L. L. Bean—The Man and His Company
New England Book Awards, Honorable Mention, Biography/Autobiography
". . . expertly blends personal anecdotes and excerpts from L.L.'s personal letters with the nuts and bolts of the company's growth and development, culminating with a captivating profile of the retail mail-order behemoth as it operates today."
". . . This Witherell guy is a worker, and the result ranks as a complete story for someone like me who personally knew many of the people mentioned in the book . . . . Despite all the information through the book, Witherell kept a lively pace and never bored me. And if you don't believe that claim about boredom, I couldn't put the book down during the third game of the Boston Celtic and Miami Heat playoff series! . . . If you love Bean's, this book is a must."

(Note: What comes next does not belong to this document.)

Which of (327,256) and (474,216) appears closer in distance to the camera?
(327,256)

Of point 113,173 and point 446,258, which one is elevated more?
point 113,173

—Ken Allen, The Maine Sportsman
"James L. Witherell, a Lewiston writer and Maine Guide, presents the general reader with the latest, and by many measures the finest, overall study of the state's most celebrated outdoor sporting goods merchant and the most famous company in Maine . . . . Witherell proves to be good at exploring Bean's camps, "L.L." as an outdoorsman and a businessman (with his strengths and later lack of interest in the future). He also provides insight into Gorman's ability to understand these strengths and weaknesses, and his canny development of a million-dollar static company into an international force. If you don't know Bean's, you can claim to after reading this first-rate book."
—Maine Sunday Telegram
"This is the story of an enterprise and of two ambitious men born sixty-two years apart. One extolled the joys of the great Maine woods, the other the gifts of capitalism bestowed upon a community. One spent fifty years building a business from scratch, the other fifty years building an institution of global significance. Each one owes the other everything for the company's astounding success. This book chronicles in detail the successes and failures, conflicting levels of ambition, the significance of place, and the opportunities gained through vision, focus, and being in the right place at the right time."
—Thomas F. Moser, Founder, Thos. Moser Cabinetmakers, Auburn, Maine
"It started with a boot and a promise—L. L. Bean's soon-to-be-famous Maine Hunting Shoe and a money-back guarantee—that became the underpinning of a hunting, fishing and outdoor apparel business that would be known and admired throughout the world. Jim Witherell's thorough and engaging account of the ups (many) and downs (a few) of Maine's most famous merchandizer and his company leaves the reader thinking Horatio Alger's real name was Leon L. Bean."
—David R. Getchell, Sr., former editor of National Fisherman and co-founder of Maine Island Trail
Because his feet got wet and sore on a hunting trip, L. L. Bean developed his famous boot and started the mail-order company that would change the sleepy town of Freeport, Maine, into a huge outdoor mall. The story begins with the Bean family, young Leon Leonwood Bean's love of the outdoors, his first forays into sales (soap, men's clothing), and then his development of "the boot" and the beginnings of an outdoors outfitting company that ran on a card file system and resisted change. The story of L.L. Bean, Inc.'s phenomenal growth under grandson Leon Gorman is replete with Preppies, MBAs, infighting, and even parodies of a company that would eventually get its own Zip Code.
Jim Witherell is a master Maine Guide and the creator of hiking maps for Acadia National Park and Baxter State Park. Also an avid cyclist, he is the author of Bicycle History (McGann) and working on a book about the Tour de France.